Now he’s been replaced by a guy who is… well, really, not much better? Like it’s still the Liberal Party. It’s still a party that got elected on the basis of Stopping the Boats, Fucking The Poor, and Destroying Our Legacies. But at least now the person in charge might be an adult.

I am going to enjoy this little dish of spite, for now.

Anonymous and Stonewall

Roland Emmerich is not a name I really associate with greatness. I get that for some people he’s the shit and Independence Day is untouchable but broadly speaking, every time I hear his name it’s with, at best, a sigh. Roland Emmerich’s being talked about right now because of Stonewall.

I figured Stonewall would be a piece of oscar-baiting bullshit designed to let the Media Capital Hollywood tell itself that it was, in fact, a progressive and liberal bastion, because Feeling Liberal is Hollywood’s conservatism.
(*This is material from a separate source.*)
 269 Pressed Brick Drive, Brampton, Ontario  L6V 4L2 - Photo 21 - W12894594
It was the kind of movie when I heard it was going to be made where I was 100% certain that it would be handled badly. I didn’t know specifics – I was not at the time super well versed in the history of the Stonewall Riots and I rarely go in for betting on things. But I was pretty sure that there’d be a tan pale-haired white gay dude very, very important to the centre of the story.
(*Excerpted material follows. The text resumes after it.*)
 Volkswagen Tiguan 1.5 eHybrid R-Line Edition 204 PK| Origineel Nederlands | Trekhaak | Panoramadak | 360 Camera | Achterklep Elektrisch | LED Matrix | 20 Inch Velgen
Mostly, this has been my expectation ever since I learned about Anonymous.

Anonymous is a conspiracy theory film presented as if it’s a historical narrative in which one of the most important artists of European storytelling, a creator of forms and words, was not, in fact, that rye-trading commoner William Shakespeare but was, instead, a white-haired slightly effeminate noble man of wealth, breeding and education.

I’m not really sure how to convey this, but it’s something that’s stuck in my head every time that white-haired gay noble man of wealth, breeding and education that is Roland Emmerich comes up. Especially when we’re talking about stories that seem to centre around issues of creativity or gay rights. What I’m saying is that broadly speaking, from what I’ve seen, Roland Emmerich is the kind of artist who can’t abide the idea that important things aren’t about him.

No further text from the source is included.